Over the years, the University has done well to incrementally diversify its overall risk by developing two major streams of income - home tuition fees and oversees tuition fees - both now in excess of £97 million. As set out in the 2015-22 strategy, the challenge ahead will be to diversify risk further by developing a comparable third stream of academic enterprise income. With its Short Course, Awarding Body and Language Centre operations well established and consideration being given to the development of other activities linked to its core business, UAL has made good progress to date with this aim.
College Teaching Sites
UAL comprises 6 colleges based on 14 teaching sites spread across London. UAL has Disaster Response Plans to deal with major disasters such as fire that affect any site directly and plans to address major incidents in London such as terror attack. Disaster response plans are regularly tested and the disaster recovery team are fully trained. UAL has security on all its sites with a physical presence during opening hours. We have updated counter terrorism training for key staff and police security bulletins are circulated to key staff.

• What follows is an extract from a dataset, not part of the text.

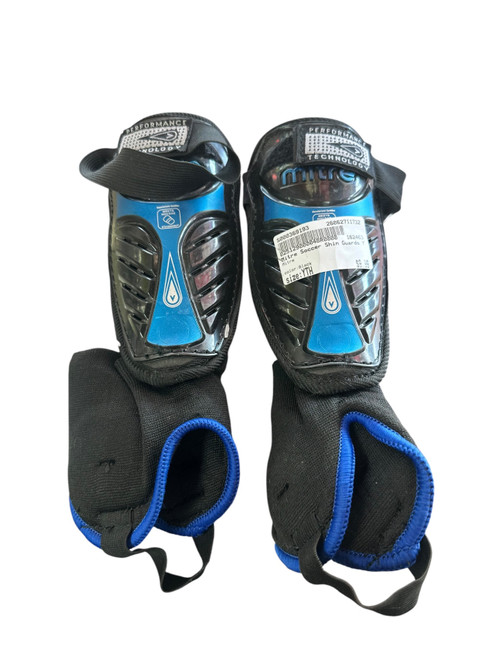 Vist Large View of Product Image Which is Used Mitre Soccer Shin Guards Youth Black Youth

The majority of UAL’s 14 teaching sites are freehold owned or on long leases (9 freehold, 3 long lease and 2 on leases of 10 years plus). Having sites spread across the City means our activities are not focused on one particular district and so any incident is likely to only affect a proportion of our students and we are likely to have the ability to relocate activities to an alternative site, on a temporary basis, should one site be taken out of use. The University also has insurance cover which includes business interruption.
London College of Fashion to move to Olympic Park, East London in 2022
LCF will move from its existing 6 sites to a single dedicated new build campus in the Queen Elizabeth Olympic Park in East London in 2022 (the site of the London Olympics in 2012).
Current plans are for occupation of this new campus by September 2022. The paragraphs below give the risk assessment for students starting their studies in 2018/19 and those in 2019/20. This information is also being made available to existing students at LCF and will be provided to applicants for course starting in 18/19 and 19/20.
The risk of disruption to most students commencing their studies in 2018/19 is low as any students on three year degrees who complete in time will remain on existing sites. The same applies to any students on four year degrees or whose studies extend to four years for other reasons as detailed in the paragraph below. The risk of disruption to students whose studies extend to five years or more is moderate. The move will affect two groups of students: those who embark on a four year integrated masters degree and who opt for a placement year in their degree, making the duration five years; those students who take a year out or repeat a year on a four year integrated masters degree. The students in these categories are likely to undertake the final year of their studies in the new East Bank campus at the Queen Elizabeth Olympic Park. A comprehensive move plan will put in place measures to support all students moving site for the launch of this new campus for LCF.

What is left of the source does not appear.